Rob Witter, Ph.D.

I conduct geological detective work that uncovers clues about the location, size, and frequency of ancient earthquakes and tsunamis. If we prepare for these hazards we can prevent future earthquakes and tsunamis from becoming future disasters.


Research Focus

I study prehistoric earthquakes along the Pacific-North American plate boundary. I apply aspects of geomorphology, paleoseismology, geodesy, and sea-level studies to decipher the geologic record of ancient earthquakes. Most of my work focuses on great subduction earthquakes capable of generating tsunamis. What I find out contributes to seismic and tsunami hazards assessments used to strengthen building codes and reduce tsunami risk.

Research Highlights

Mind the Gap: New Evidence for Alaskan Tsunamis Found
LiveScience reporter Becky Oskin highlights USGS findings that help fill gaps in Alaska’s earthquake and tsunami history.

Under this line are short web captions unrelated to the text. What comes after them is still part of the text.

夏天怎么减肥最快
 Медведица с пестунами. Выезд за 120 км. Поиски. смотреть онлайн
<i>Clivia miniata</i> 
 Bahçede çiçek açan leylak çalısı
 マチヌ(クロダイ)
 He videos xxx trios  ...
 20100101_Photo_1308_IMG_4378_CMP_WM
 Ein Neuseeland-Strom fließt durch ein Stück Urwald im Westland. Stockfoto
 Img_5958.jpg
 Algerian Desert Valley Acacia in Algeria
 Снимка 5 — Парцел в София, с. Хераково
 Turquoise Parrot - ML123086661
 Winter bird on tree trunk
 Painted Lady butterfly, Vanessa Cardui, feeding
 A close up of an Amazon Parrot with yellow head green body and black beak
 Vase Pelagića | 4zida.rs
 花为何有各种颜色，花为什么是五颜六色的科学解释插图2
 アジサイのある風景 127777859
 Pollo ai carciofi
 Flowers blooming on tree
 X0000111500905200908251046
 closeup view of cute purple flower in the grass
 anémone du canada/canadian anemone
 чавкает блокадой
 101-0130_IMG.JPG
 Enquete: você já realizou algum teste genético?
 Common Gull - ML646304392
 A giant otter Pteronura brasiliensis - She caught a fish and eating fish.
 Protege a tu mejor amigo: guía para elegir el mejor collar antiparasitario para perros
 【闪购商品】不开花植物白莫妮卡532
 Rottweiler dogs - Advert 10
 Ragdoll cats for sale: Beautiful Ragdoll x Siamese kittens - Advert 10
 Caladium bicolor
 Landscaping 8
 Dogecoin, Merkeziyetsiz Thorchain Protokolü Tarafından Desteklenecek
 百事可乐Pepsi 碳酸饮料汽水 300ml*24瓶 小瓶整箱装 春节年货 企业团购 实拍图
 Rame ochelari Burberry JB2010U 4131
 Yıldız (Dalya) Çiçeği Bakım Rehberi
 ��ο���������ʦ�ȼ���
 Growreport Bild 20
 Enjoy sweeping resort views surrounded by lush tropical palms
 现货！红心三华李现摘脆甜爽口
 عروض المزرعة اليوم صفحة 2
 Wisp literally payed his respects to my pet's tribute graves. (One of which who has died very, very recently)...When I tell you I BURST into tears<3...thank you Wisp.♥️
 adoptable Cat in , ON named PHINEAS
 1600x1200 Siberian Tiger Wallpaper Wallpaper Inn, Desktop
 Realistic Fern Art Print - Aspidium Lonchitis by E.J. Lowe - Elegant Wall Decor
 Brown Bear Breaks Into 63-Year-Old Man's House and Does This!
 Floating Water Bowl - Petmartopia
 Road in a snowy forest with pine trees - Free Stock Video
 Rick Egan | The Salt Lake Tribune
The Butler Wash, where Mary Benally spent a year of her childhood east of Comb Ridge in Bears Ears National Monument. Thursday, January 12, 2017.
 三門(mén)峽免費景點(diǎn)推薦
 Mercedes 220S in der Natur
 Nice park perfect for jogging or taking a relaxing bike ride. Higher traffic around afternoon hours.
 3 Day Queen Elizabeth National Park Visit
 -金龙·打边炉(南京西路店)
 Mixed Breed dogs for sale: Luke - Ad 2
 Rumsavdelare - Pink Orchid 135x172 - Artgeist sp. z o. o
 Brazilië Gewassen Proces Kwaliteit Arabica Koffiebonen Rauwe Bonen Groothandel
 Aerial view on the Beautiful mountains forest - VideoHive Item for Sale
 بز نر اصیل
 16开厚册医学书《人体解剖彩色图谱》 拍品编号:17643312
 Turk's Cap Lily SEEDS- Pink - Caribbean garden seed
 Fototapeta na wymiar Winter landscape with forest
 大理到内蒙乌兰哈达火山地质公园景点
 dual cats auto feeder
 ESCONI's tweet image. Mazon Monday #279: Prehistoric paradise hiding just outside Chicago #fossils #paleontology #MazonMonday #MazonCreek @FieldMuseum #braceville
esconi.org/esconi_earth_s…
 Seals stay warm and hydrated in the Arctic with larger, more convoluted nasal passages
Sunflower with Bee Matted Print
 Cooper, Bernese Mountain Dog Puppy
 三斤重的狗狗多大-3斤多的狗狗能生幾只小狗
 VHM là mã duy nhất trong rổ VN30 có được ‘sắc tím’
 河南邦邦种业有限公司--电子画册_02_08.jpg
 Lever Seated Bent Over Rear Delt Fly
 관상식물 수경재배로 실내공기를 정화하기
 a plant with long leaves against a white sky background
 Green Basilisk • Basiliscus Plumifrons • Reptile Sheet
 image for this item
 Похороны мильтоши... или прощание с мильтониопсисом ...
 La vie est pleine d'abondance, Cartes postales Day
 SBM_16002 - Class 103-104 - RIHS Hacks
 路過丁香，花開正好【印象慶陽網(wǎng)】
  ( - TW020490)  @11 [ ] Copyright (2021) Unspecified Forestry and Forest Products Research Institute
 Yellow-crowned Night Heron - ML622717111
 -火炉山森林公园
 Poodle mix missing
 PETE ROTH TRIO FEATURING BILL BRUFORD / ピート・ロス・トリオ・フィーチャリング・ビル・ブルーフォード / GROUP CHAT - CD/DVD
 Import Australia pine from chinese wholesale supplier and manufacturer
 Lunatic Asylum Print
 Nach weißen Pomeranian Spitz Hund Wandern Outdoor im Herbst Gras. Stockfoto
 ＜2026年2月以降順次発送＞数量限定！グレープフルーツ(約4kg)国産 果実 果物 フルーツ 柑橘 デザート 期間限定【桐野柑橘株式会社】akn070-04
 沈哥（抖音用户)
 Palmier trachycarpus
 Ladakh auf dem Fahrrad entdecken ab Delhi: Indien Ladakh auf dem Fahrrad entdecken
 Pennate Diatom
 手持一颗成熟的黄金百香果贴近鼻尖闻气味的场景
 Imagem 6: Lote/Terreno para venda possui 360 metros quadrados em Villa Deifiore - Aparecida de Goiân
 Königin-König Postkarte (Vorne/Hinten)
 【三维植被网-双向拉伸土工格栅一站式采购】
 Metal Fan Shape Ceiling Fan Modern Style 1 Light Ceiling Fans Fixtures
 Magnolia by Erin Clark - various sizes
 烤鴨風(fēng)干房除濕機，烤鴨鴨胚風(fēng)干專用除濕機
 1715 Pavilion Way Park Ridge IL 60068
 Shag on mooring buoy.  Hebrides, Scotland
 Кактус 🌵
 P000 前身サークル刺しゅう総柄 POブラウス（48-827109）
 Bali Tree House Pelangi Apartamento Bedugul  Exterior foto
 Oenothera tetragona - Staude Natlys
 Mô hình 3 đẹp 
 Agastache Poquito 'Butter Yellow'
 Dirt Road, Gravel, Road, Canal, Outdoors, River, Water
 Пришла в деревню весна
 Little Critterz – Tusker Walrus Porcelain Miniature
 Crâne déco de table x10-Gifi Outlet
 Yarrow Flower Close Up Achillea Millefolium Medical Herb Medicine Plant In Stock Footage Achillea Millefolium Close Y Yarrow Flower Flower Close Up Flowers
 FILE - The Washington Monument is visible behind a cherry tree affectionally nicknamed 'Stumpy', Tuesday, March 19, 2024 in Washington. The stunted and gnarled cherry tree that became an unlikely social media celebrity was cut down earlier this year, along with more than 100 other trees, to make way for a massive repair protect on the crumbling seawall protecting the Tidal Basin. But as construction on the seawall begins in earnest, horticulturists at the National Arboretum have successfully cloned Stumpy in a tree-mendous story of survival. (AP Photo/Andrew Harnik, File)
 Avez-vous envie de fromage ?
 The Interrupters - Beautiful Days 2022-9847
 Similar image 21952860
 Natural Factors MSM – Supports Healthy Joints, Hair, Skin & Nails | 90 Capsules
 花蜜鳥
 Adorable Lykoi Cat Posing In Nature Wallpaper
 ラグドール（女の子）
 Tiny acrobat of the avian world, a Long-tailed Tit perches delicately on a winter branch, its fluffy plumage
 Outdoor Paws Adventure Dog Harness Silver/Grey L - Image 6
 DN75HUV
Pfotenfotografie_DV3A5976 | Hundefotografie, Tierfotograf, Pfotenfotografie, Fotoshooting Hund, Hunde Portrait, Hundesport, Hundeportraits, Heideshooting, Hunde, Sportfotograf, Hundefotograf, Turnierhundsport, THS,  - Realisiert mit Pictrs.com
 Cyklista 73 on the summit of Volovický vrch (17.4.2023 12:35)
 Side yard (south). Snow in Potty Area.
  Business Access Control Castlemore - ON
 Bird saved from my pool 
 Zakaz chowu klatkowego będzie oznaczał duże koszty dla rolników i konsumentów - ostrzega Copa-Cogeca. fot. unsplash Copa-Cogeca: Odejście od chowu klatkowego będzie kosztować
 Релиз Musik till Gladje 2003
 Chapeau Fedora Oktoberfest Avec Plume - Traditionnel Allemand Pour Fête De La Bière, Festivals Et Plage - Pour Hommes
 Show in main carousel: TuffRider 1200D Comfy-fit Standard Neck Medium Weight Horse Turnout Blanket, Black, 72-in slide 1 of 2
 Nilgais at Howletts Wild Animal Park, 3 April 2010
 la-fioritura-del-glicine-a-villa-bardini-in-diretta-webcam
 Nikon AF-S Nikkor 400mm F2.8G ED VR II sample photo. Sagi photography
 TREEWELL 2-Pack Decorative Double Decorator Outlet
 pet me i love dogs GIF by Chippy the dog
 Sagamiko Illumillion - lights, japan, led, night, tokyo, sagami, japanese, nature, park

Unknown Tsunami Trigger Hides Along a Creeping Aleutian Fault
EOS writer Cody Sullivan reviews USGS tsunami research published in Geophysical Research Letters.

Uncharted: Exploring one of America’s fastest faults
A team of USGS scientists spent 10 days in the wilderness investigating the Fairweather Fault.

Return to the Alaska Wilderness
USGS Scientists visit one of North America’s fastest-moving faults.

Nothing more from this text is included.